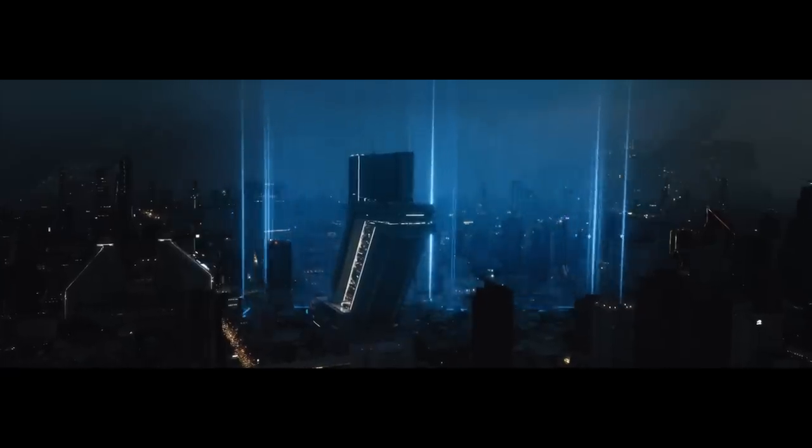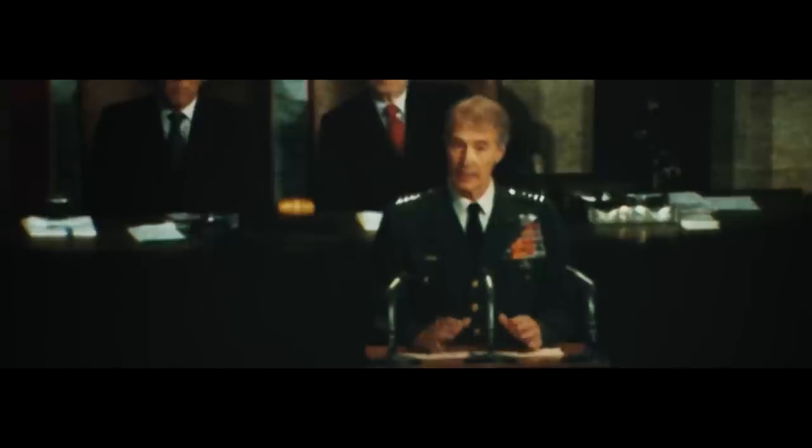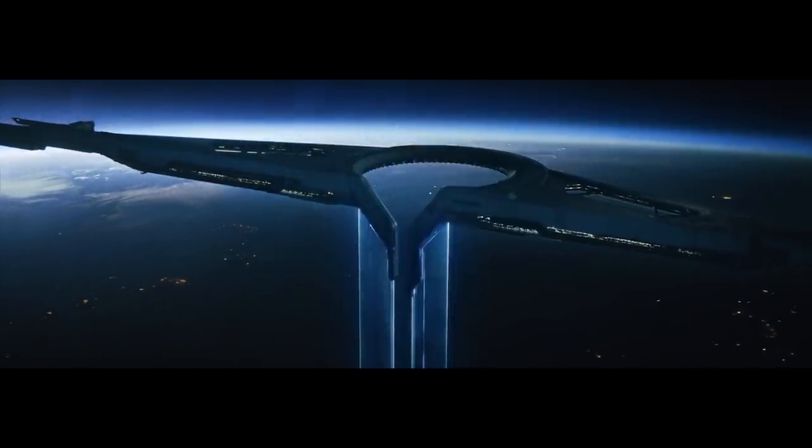Ten years ago today, the artificial intelligence created to protect us detonated a nuclear warhead in Los Angeles.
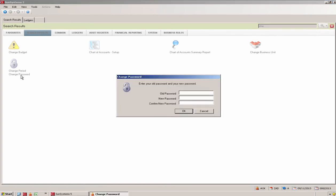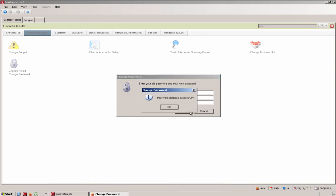And here is the familiar change password interface. Enter the old password and then enter a new password and confirm. Click OK. And just like that your password will have been changed in SunSystems.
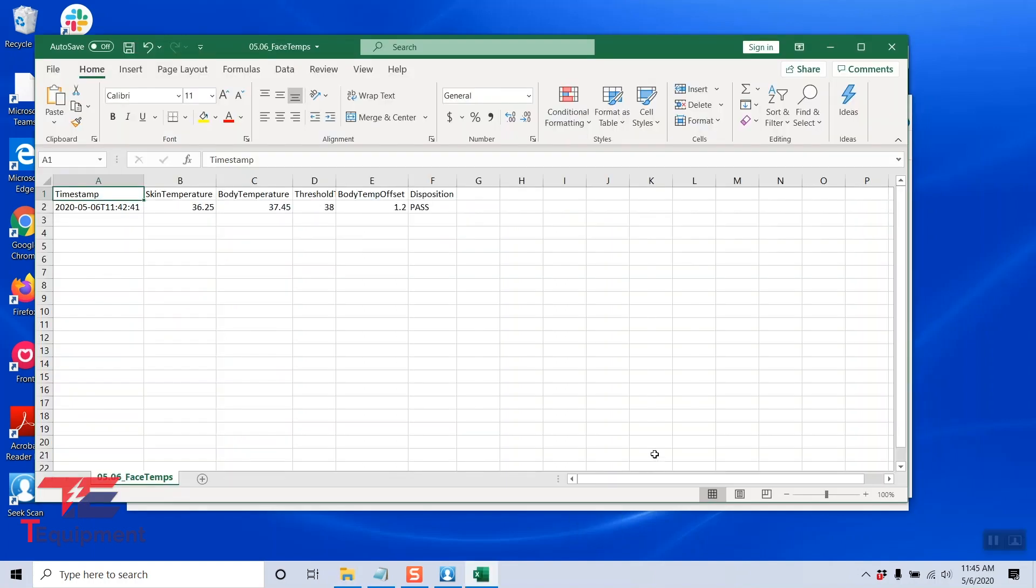And as you can see, it's a very simple file with a timestamp, the reading. So again, this was the original file we had with the Celsius and the current pass or fail.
────────────────────────────────────────
**Task brief:** Reproduce the listing word for word. Do not carry over the pictures.

**Task output:**
Ten years ago today, the artificial intelligence created to protect us detonated a nuclear warhead in Los Angeles.
And here is the familiar change password interface. Enter the old password and then enter a new password and confirm. Click OK. And just like that your password will have been changed in SunSystems.
And as you can see, it's a very simple file with a timestamp, the reading. So again, this was the original file we had with the Celsius and the current pass or fail.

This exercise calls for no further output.